1) Some will require a government clearance. This will take time, and you will
be competing against folks who already have the clearance. So you will need to
convince them you are worth the wait - a notoriously difficult proposition
unless you already have work with them.

2) The timeline from lead to getting paid is long. I would expect at least a
month or two from when you start working on the contract until the money comes
in, to say nothing of the time to actually get started on the contract.

3) The end of the year is a tough time to try to get added to a contract -
everyone is running out of money. In some cases you might get lucky and find a
project with a surplus that is looking to spend it before the end of the year,
but in my experience those are usually the exceptions as opposed to the rule.

In short, unless you already have the paperwork in hand, I wouldn't bother if
you are only looking for 6-12 months.

------
deltasquare4
I just left my well-paying job to start working on my idea about 4 months
back. I didn't have much savings (I've been hasty to quit my job), so I am
working on consulting gigs part time. It pays enough to cover my bills and
petty expenses related to my project.

As @bravura mentioned, selling yourself is the biggest challenge you have in
order to get good consulting work. If you go for small gigs that you can do in
your free time, you can quit when you feel comfortable doing it.

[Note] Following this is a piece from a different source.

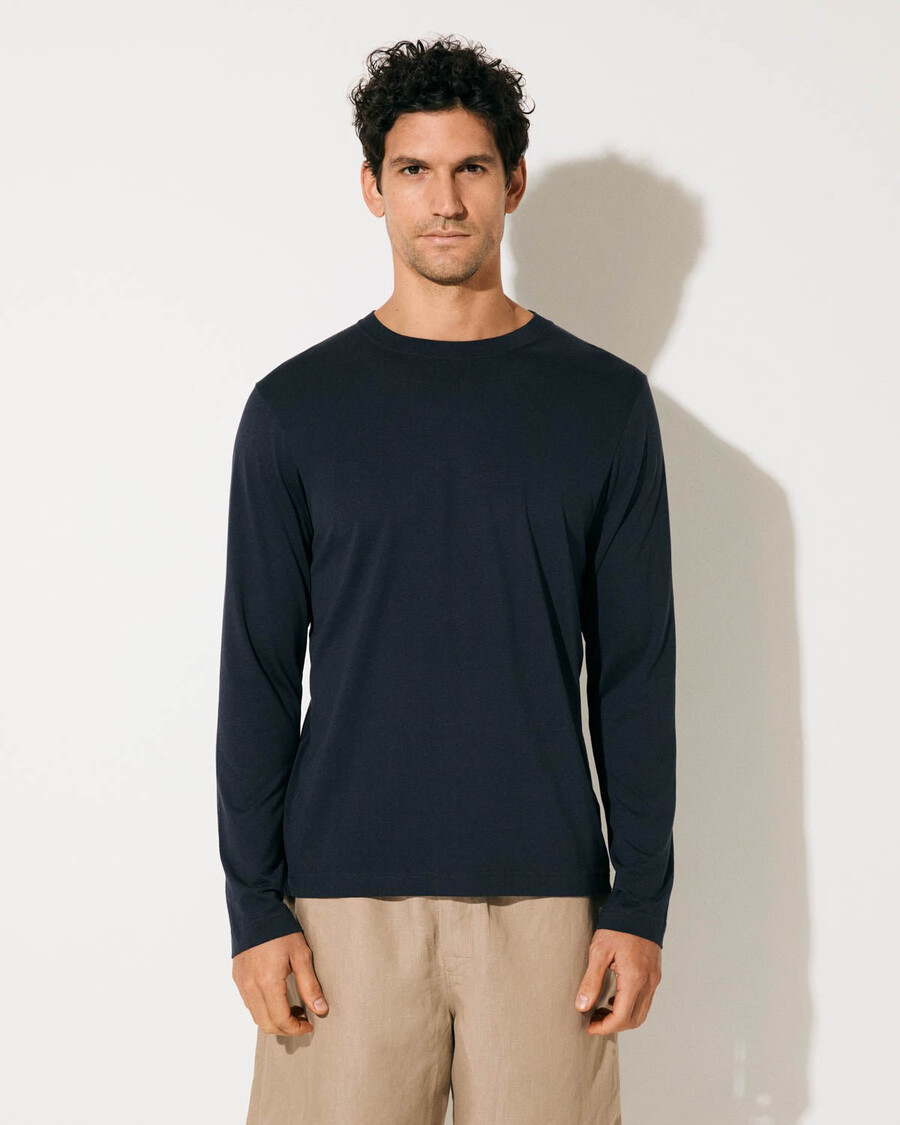 2 magliette a maniche lunghe da uomo di peso medio in nero e blu navy scuro acquista—cdlp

PS: It's always better to settle your debt before you start living off
inconsistant income.

------
clark-kent
A year from now is not that far off. Just keep your job and pay off the debt.
Work on your business as a side project. You can work on your side project 1hr
a day, some days 10 - 30mins and some weekends 3hrs. As they say "drops of
water makes an ocean". If you slug it out, by this time next year, you would
be out of debt with cash reserves and possibly a finished product. You may
even already have customers. Find positive things you like about your current
job and focus on them.

------
akamaka
I've been doing independent consulting on and off for many years, but there
have been many times when the work wasn't there for me to pay the bills, and I
had to go back to a regular day job.

Early on, I also missed several good opportunities because of my lack of sales
experience.

Don't quit your job until you've secured some small, part-time independent
work. Spend as long as you can doing both, and don't quit your day job until
your workload gets too big.

------
moron4hire
Thanks everyone for all of the advice. I'm going to keep looking for other
work as long as I can be confident to maintain my current salary and take care
of this debt issue first.

My phone has been ringing off the hook from recruiters wanting to place me
(though I've dealt with plenty of recruiters before, that doesn't necessarily
mean anything). I just got contacted by a friend-of-a-friend with a small
contract for about a week's worth of work; that will be nice to helping with
the debt issue. And I actually just got an email for an interview at a company
with a really excellent benefits package. So, at the very least, it looks like
I can get out of my bad situation.

------
smallegan
I'd suggest independent contracting whether you were going to start your own
business or not. So I vote yes!

<http://news.ycombinator.com/item?id=1831130>

------
andrewtbham
expect problems collecting, people not wanting to pay, people wanting a
discount, people paying late... etc. usually big companies are easier to
collect than small companies. it's a soft skill because you have to be firm to
get your money, but you don't won't to be a jerk and not get any more
business.

------
shareme
Can you do a fourth option?

Do a project using non MS.NET/MSSQL on the side in a different industry
knowledbase as you do not want piss off your current employer.

In other words you will be using that side project to see if you can get
marketing momentum for independent consulting. That way you know for sure
before you jump, which is a better idea.

Have you accessed how strong your list of contacts is at this time yet? That
is something to be considered as well.